* **Task directions**
Write out again the lines from the line with "Предварительный просмотр 39" up to and including the line with "Portobello's restaurant in", exactly as they stand below, and skip any picture.

* **Available records**
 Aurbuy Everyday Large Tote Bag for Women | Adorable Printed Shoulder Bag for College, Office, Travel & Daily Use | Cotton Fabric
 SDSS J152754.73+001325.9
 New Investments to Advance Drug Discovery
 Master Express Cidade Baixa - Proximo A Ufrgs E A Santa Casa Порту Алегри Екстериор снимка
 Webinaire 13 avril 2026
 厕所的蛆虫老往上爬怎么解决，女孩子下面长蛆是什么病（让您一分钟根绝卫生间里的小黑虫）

...

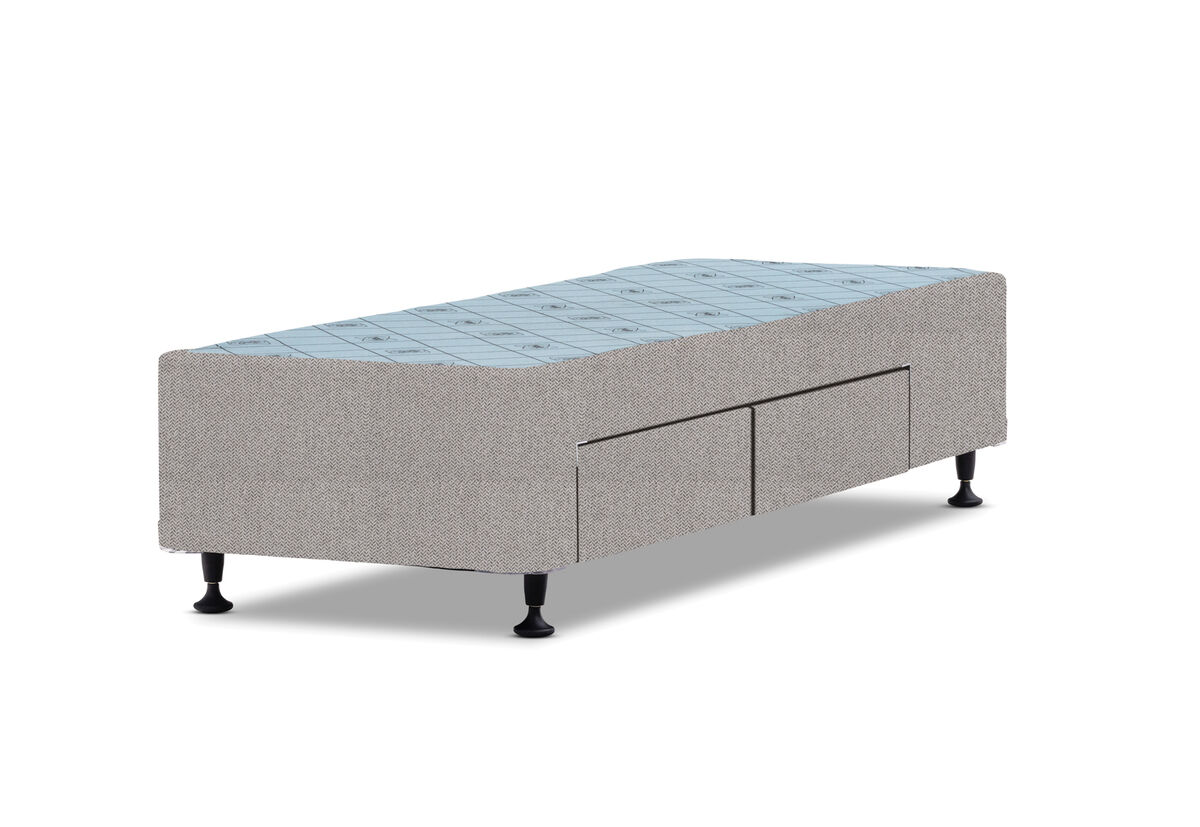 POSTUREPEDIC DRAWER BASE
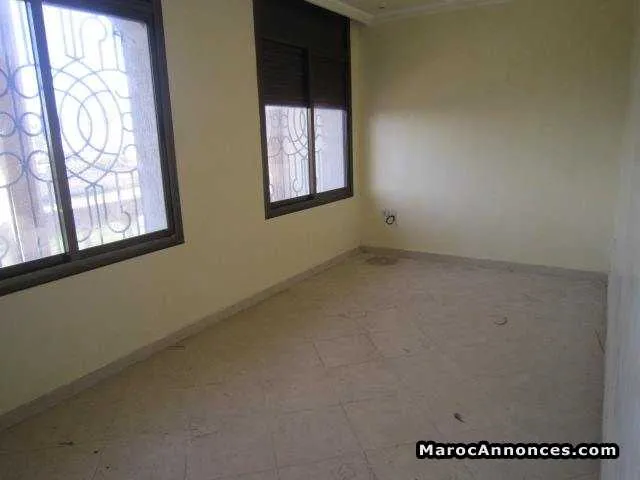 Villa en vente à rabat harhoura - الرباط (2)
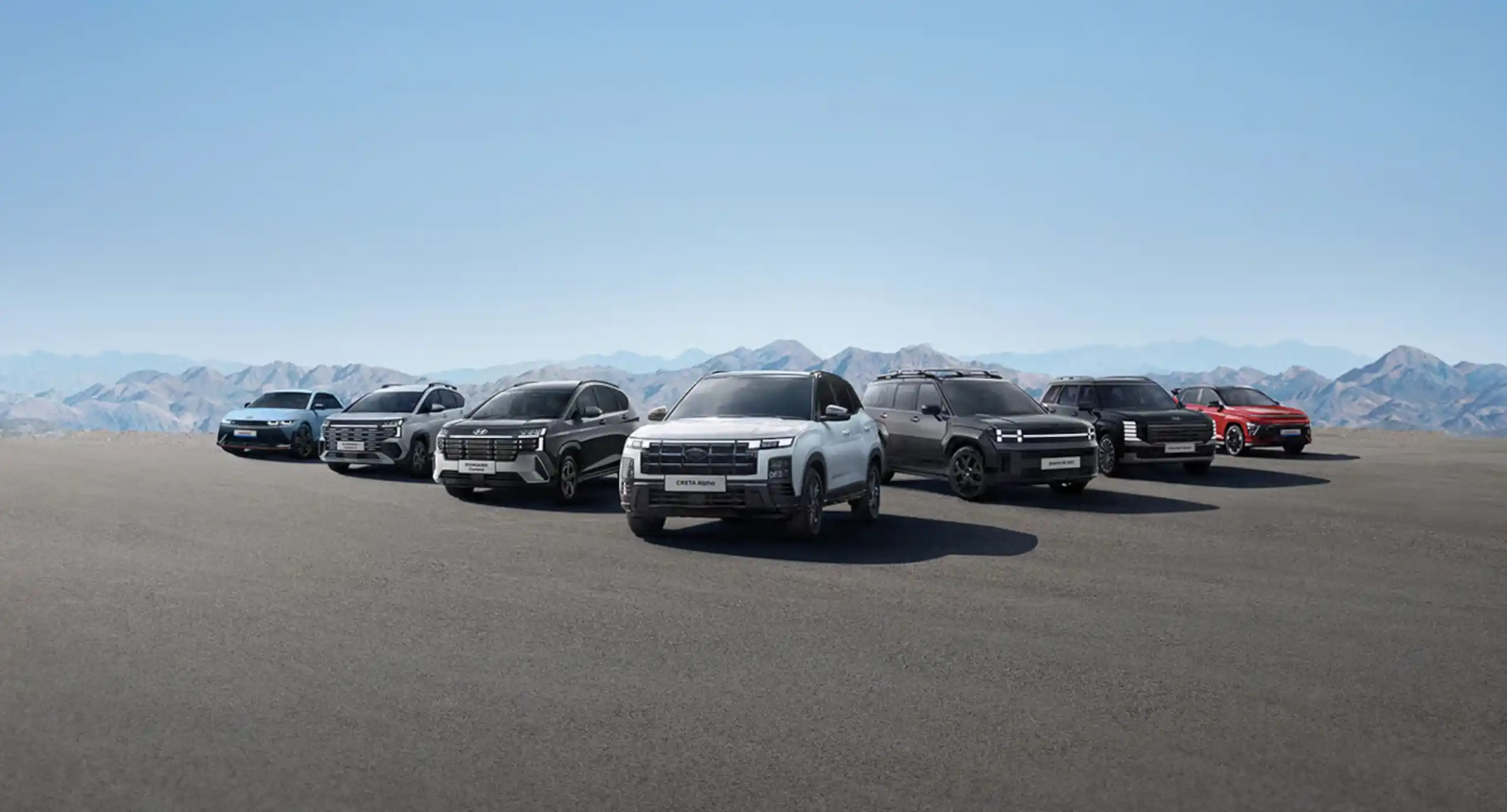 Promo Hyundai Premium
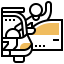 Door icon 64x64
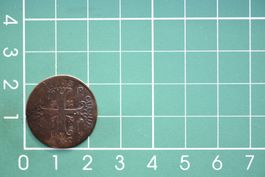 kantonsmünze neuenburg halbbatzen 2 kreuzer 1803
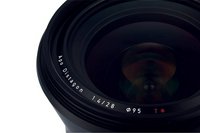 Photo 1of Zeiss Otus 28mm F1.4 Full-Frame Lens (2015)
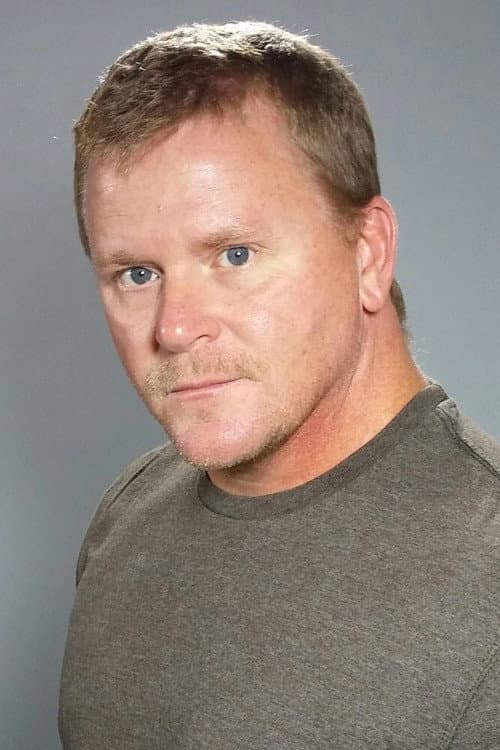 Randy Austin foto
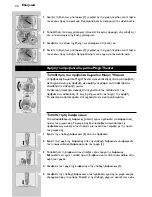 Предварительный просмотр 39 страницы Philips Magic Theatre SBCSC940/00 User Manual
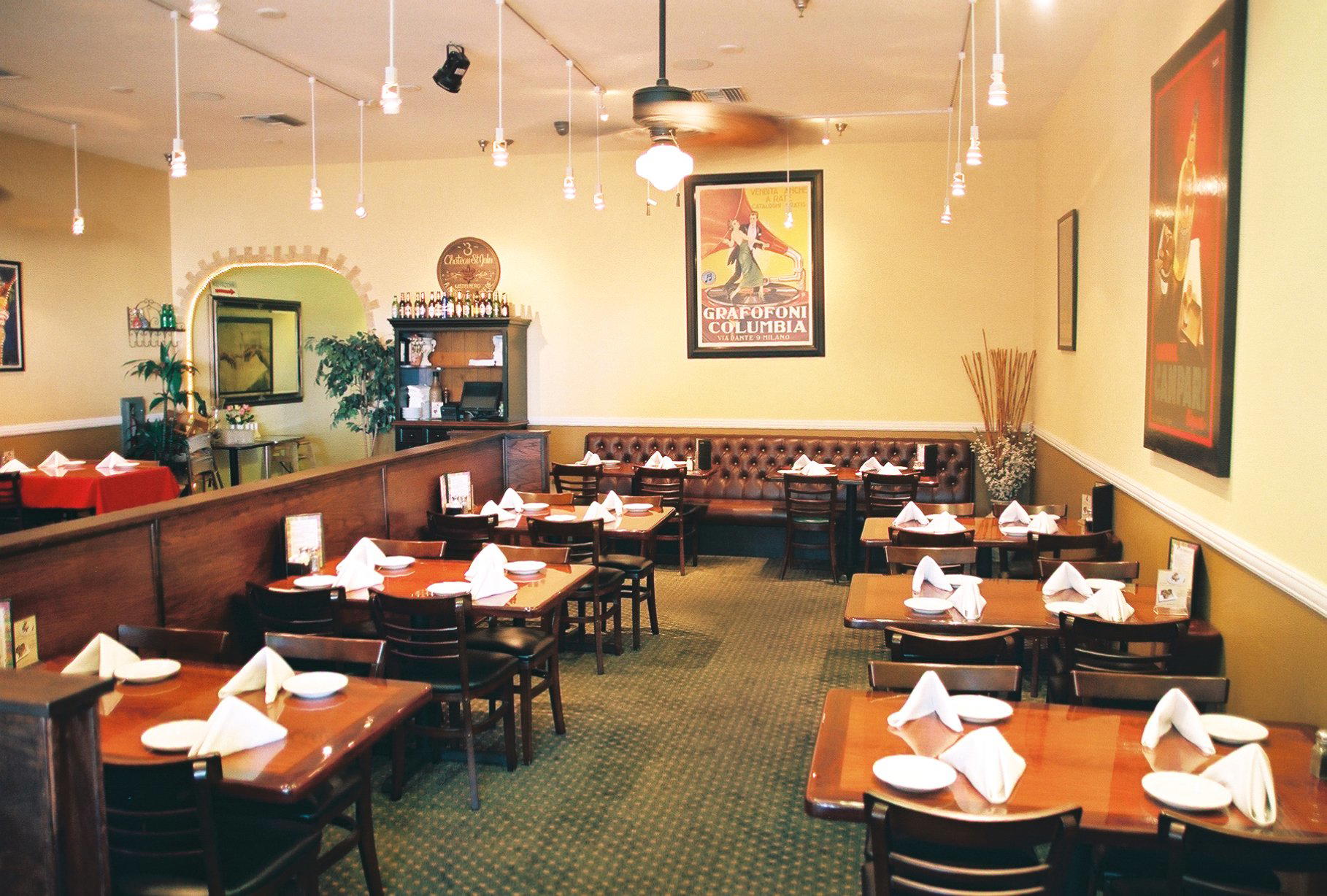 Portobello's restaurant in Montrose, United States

...

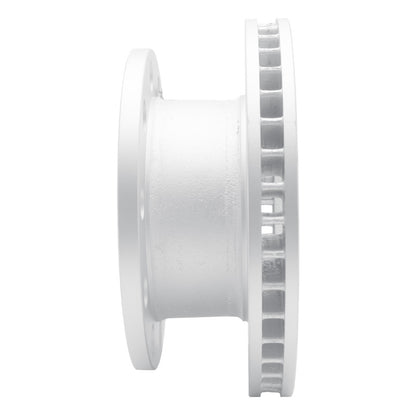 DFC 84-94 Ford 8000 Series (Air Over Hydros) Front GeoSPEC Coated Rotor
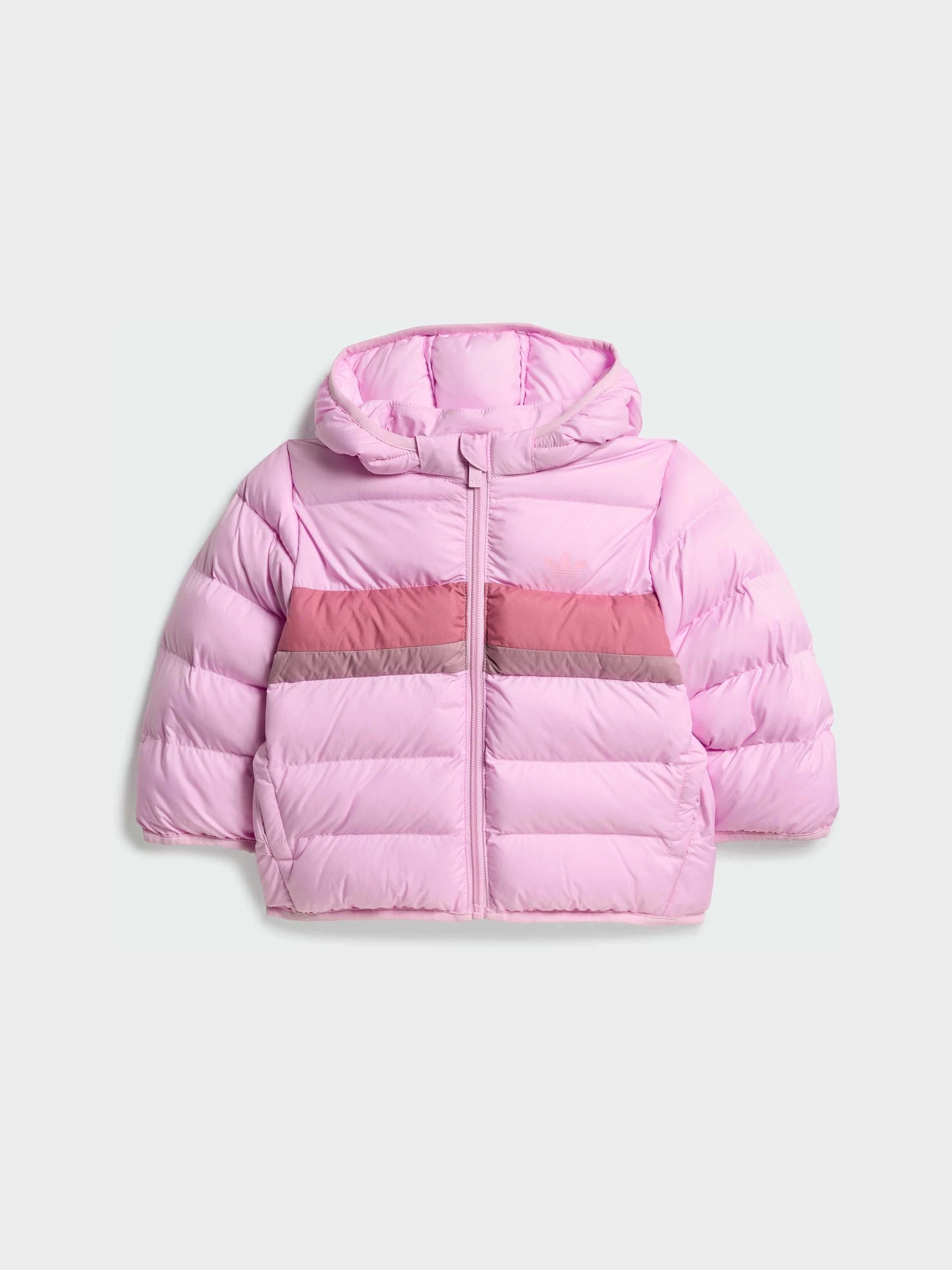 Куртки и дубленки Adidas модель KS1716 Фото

* **Task output**
 Предварительный просмотр 39 страницы Philips Magic Theatre SBCSC940/00 User Manual
 Portobello's restaurant in Montrose, United States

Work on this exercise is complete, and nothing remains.